Compact fuse support

Method and apparatus for mounting fuses in switchgear and similar electrical isolation equipment provide a nonconductive fuse support that allows the fuses to be mounted separately from the transformers. Two such fuse supports may be used to support a fuse, one fuse support for each fuse terminal. Each fuse support may support two fuse terminals so dual fuses may be supported by the same pair of fuse supports. The fuse supports substantially surround the fuse terminals to provide an insulating barrier that helps prevent electrical discharge and also ensure sufficient spacing between the fuse terminals and ground or other conductors in the switchgear. Such an arrangement allows the fuses and transformers to fit within a reduced space in the switchgear and similar electrical isolation equipment while complying with industry-standard performance requirements. The fuse supports are preferably noncontiguous, thereby leaving the nonconductive portion of the fuse physically unsurrounded.

FIELD OF THE INVENTION

The disclosed embodiments relate generally to switchgear and similar electrical isolation equipment, and particularly to methods and apparatuses for reducing the amount of space required to mount fuses and similar current-limiting devices in such isolation equipment.

BACKGROUND OF THE INVENTION

Switchgear and similar electrical isolation equipment are highly regulated by industry standards (e.g., IEEE, ANSI, etc.). Among other things, these standards require line-side (upstream) current-limiting fuses for voltage transformers (“VT”) used as sensors to monitor the condition and quality of power in medium voltage switchgear. Such fuses frequently resemble a tube having conductive terminals on each end and are typically mounted directly onto the voltage transformers in the switchgear cabinet. The industry standards also define the minimum clearance or spacing required in the absence of substantiating test documentation between exposed portions of adjacent conductors, such as adjacent electrical power buses, as well as from those conductors to ground for various voltage levels. The clearances are described in terms of direct or “strike” distances and linear surface or “tracking” distances.

Direct mounting of fuses onto the voltage transformers requires space in the switchgear. However, customer preferences for smaller and less expensive switchgear continue to push manufacturers toward ever smaller switchgear. As an example, for mature switchgear like the Masterclad™ series of medium voltage metal-clad switchgear from Schneider Electric USA, Inc., the voltage transformers and tubular fuses reside within a compartment that measures roughly 36 inches wide by 42 inches tall. On the other hand, smaller switchgear like the HVL/cb™ series of metal-enclosed switchgear from Schneider Electric USA require the voltage transformer and tubular fuse to fit within a compartment that is about half the size. This makes it difficult, if not impractical, to mount fuses directly onto voltage transformer in small footprint switchgears.

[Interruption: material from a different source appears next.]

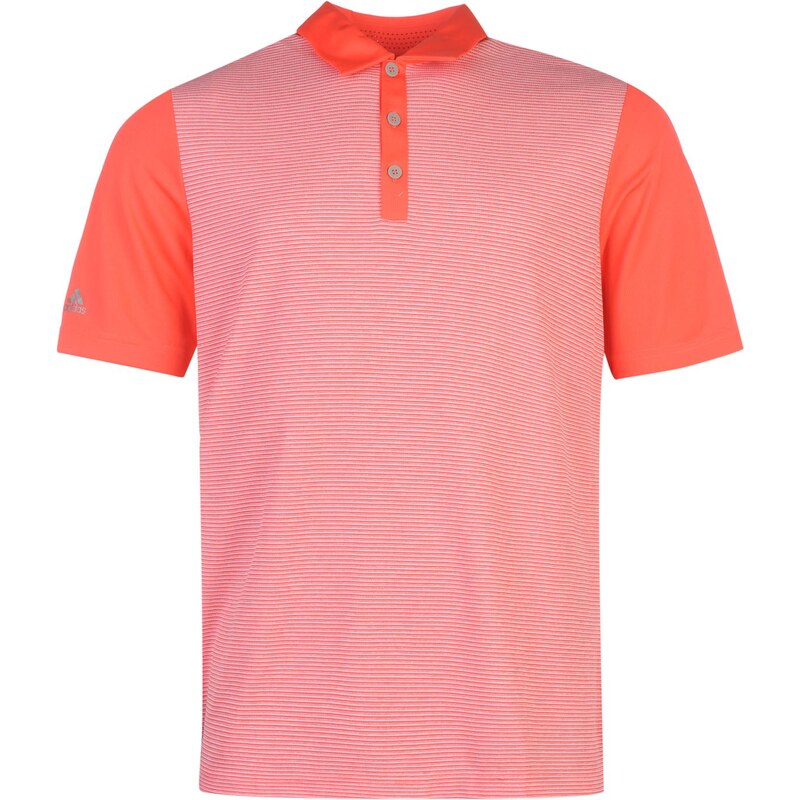 Sportovní polokošile adidas Thin Golf pán.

Similar challenges exist for other types of transformers in small footprint switchgears. For example, control power for breaker controls (e.g., relays, controllers, etc.) is often derived from the medium voltage switchgear primary circuit. The devices that convert power from the switchgear are commonly called control power transformers (“CPT”) and are generally larger than voltage transformers. As a result, it is especially difficult to mount fuses directly onto CPTs in small footprint switchgears. The above difficulty is compounded by the imperative also to comply with industry-standard clearance or performance requirements.

Thus, a need exists for a way to mount transformer fuses in small footprint switchgear and similar electrical isolation equipment where the space allocated for the fuses and transformers is limited while also complying with industry-standard performance requirements.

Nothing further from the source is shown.